Resplandece la bóveda infinita
con el fuego abrasante del verano
y, en la inmensa extensión, el soberano
elemento prolífico palpita.

La vida, como el alma de Afrodita,
todo lo enciende: al hongo en el pantano,
al ave y al cuadrúpedo en el llano
y en el huerto a la humilde bellorita.

Exhalan sus aromas penetrantes
el apio y la silvestre madreselva
y el laurel odorífero retoña.

Y al balar de los hatos trashumantes,
en lo más escondido de la selva
tañe Pan su dulcísima zampoña.

II

Son las bodas campestres de las flores.
Al beso del amor, antes latente,
estremece sus ondas el ambiente,
írguense los estambres tembladores.

Se impregnan los insectos zumbadores
en el polen de oro refulgente
y al par le lleva en su regazo ardiente
el viento grácil esparciendo olores.

¡Oh céfiro!, ¡oh abeja!, ¡oh mariposa!,
¡con qué ansiedad tan pudibunda espera
vuestra llegada la naciente rosa!

Posad sobre su cáliz que el deseo
desflora, mientras canta Primavera
los eróticos cantos de Himeneo.

III

Todo, al soplar las brisas tropicales,
mueve la sangre y todo a amar provoca.
Naturaleza entera es una boca
donde palpitan besos inmortales.

Requiébranse en la rama los turpiales
lanzando su canción alegre y loca
y, en la cortante arista de la roca,
se acarician las águilas reales.

Tálamo de las tiernas golondrinas
es el aire, del tigre la espelunca,
del triscador ganado las colinas...

Nada tu fuerza poderosa trunca,
pues, renaciendo tú de las ruinas
¡oh fecundante Amor, no mueres nunca!

CANTO TERCERO

Elegía

I

En la intrincada senda, y en el rojo
peñón, y en la monótona llanura,
no queda ya ni un resto de verdura,
ni una brizna de hierba ni un abrojo.

Tan sólo cuelga su último despojo
la seca hiedra, de la tapia oscura,
bajo la cual el Abrego murmura
y crujen las hacinas del rastrojo.

Viene la tarde cenicienta y fría
y una desolación abrumadora
se extiende sobre el monte y la alquería.
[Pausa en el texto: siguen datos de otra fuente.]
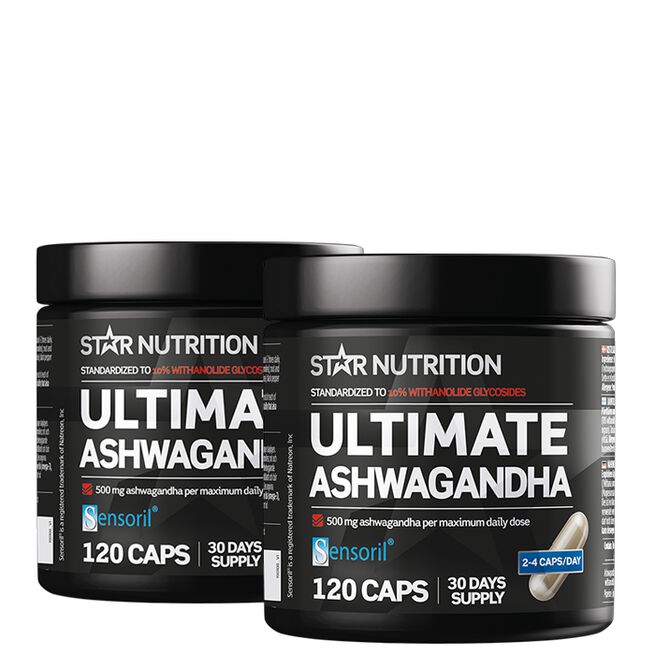 2 x Ultimate Ashwagandha 120 kapsler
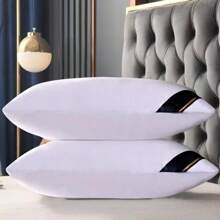 WEFANCY Luxury 5-Star Hotel Quality Pillow, Extra Soft Pillow, 19x29 Inch - Deep Sleep Neck Support, All Seasons Non-Slumping High Pillow Core, Machine Washable, Modern Pillow Design | Soft Textured Fabric, Sleeping Pillow - trắng - Xem 8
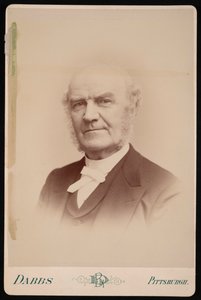 Portret van kolonel William Anderson Herron 1821-1900, 1892 door Benjamin LH Dabbs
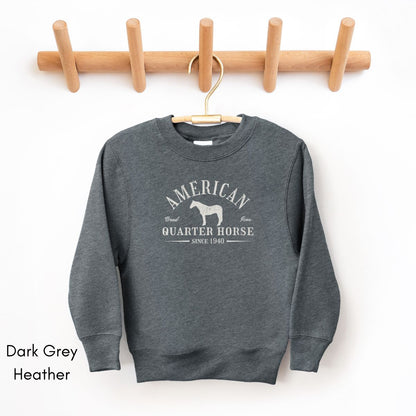 American Quarter Horse YOUTH/KIDS Crewneck Sweatshirt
Nada se oye vivir. Sólo en la hora
del declinar tristísimo del día,
la parda grulla en el erial crotora.

II

Qué tristeza tan honda en el paisaje!
Del Norte frío al destructor aliento
suspendióse en el campo el movimiento
y gimieron los troncos y el ramaje.

Ya no hay nidos, ni cantos, ni follaje,
no se escucha un murmurio ni un acento
y apenas, junto al lago tremulento,
se oye graznar al ánade salvaje.

En las regiones do Aquilón desata
su furia y con fragor se precipita,
sin cesar, sin cesar escarcha y llueve;

mientras inmensamente se dilata
desesperante, trágica, infinita,
la sepulcral blancura de la nieve.

III

Si tan helada soledad impera
en el mar, en la tierra y en el cielo,
si ya no corre el límpido arroyuelo
ni se mece el rosal en la pradera,

¡ah! no pensemos que la vida muera:
amortajada con su blanco velo,
bajo la opaca crústula del hielo
una inmortal resurrección espera.

Mas ¿quién puede escuchar las misteriosas
voces que eleva en místico murmullo
el más oculto seno de las cosas?

Nada sucumbe: el escondido germen,
la crisálida envuelta en su capullo,
la célula y el grano... ¡todos duermen!